IHK-Berufe: Ein Blick zurück - und nach vorn
Der Wandel der Ausbildungsberufe ist rasant – und faszinierend. Er führte vom Zeichenbrett zum digitalen Zwilling und vom T-Kontenheft zum Reporting in der Cloud. Die Koordinaten für all dies setzt seit über 50 Jahren das Berufsbildungsgesetz (BBiG). Lesen Sie, wie sich Berufe verändert haben, was geblieben ist und warum der Blick zurück hilft, die Zukunft zu gestalten.
Das Jahr 1969 markierte einen Wendepunkt: Mit dem Berufsbildungsgesetz (BBiG) entstand erstmals ein einheitlicher Rechtsrahmen für die berufliche Bildung. Ziel war es, die Qualität der Ausbildung zu sichern, Standards zu setzen und das Erfolgsmodell der dualen Ausbildung, sprich: die Verbindung von Praxis und Theorie, zu stärken. Seither hat sich viel verändert: Ausbildungsordnungen wurden modernisiert, neue Berufe geschaffen, andere zusammengelegt oder abgeschafft.

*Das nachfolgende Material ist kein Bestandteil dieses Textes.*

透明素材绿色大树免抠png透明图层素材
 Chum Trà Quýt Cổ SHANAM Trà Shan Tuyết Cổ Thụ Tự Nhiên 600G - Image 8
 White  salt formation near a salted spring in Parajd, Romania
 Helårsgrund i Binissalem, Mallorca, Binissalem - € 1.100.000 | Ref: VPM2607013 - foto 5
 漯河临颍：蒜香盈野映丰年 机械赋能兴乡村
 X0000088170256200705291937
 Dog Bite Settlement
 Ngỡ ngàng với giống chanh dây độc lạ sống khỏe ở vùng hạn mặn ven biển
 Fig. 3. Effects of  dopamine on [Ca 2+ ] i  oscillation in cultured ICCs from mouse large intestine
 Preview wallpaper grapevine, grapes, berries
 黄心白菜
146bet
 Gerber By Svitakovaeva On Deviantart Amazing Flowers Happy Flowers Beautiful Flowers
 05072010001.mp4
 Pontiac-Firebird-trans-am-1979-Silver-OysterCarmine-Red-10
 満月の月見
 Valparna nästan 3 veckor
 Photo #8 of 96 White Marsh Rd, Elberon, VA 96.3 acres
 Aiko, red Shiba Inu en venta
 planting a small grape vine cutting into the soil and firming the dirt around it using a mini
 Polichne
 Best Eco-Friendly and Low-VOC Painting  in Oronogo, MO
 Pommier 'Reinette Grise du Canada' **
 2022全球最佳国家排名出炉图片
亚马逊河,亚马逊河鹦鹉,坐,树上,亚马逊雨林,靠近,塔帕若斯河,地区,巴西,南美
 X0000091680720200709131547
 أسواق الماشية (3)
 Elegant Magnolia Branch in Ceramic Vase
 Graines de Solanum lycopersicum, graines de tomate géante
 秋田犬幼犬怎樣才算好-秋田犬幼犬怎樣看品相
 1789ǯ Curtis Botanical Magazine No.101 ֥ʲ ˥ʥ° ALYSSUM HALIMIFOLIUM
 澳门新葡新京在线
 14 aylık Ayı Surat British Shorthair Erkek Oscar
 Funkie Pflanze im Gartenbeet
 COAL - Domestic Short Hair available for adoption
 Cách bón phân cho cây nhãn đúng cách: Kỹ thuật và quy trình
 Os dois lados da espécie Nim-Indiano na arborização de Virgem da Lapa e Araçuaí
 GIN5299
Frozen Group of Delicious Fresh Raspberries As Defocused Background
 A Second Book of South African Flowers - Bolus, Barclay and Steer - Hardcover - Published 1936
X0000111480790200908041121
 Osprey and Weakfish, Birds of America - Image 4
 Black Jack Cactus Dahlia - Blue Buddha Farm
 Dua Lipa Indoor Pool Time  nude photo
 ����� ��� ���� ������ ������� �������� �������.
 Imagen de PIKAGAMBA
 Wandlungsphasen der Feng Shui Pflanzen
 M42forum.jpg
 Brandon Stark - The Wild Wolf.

Die bundesweiten Industrie- und Handelskammern (IHKs) übernehmen dabei zentrale Aufgaben, in dem sie das Prüfungswesen organisieren und überwachen.
Doch was war eigentlich, bevor das BBiG 1969 in Kraft trat? Auch damals wurde ausgebildet. Aber ein Blick zurück zeigt, wie sehr sich die Ausbildungswelt gewandelt hat. Während heute über die Abschaffung der Schreibschrift diskutiert wird, führte eine Auszubildende zur Verkäuferin 1962 ihr Berichtsheft noch handschriftlich: Woche für Woche und in Schönschrift. Auch gab es das so genannte T-Kontenheft: Buchführung von Hand, Spalten gezogen, Zahlen sauber eingetragen. Für die heutige Generation, die ihre Berichtshefte seit 2018 digital führt, ist das kaum noch vorstellbar.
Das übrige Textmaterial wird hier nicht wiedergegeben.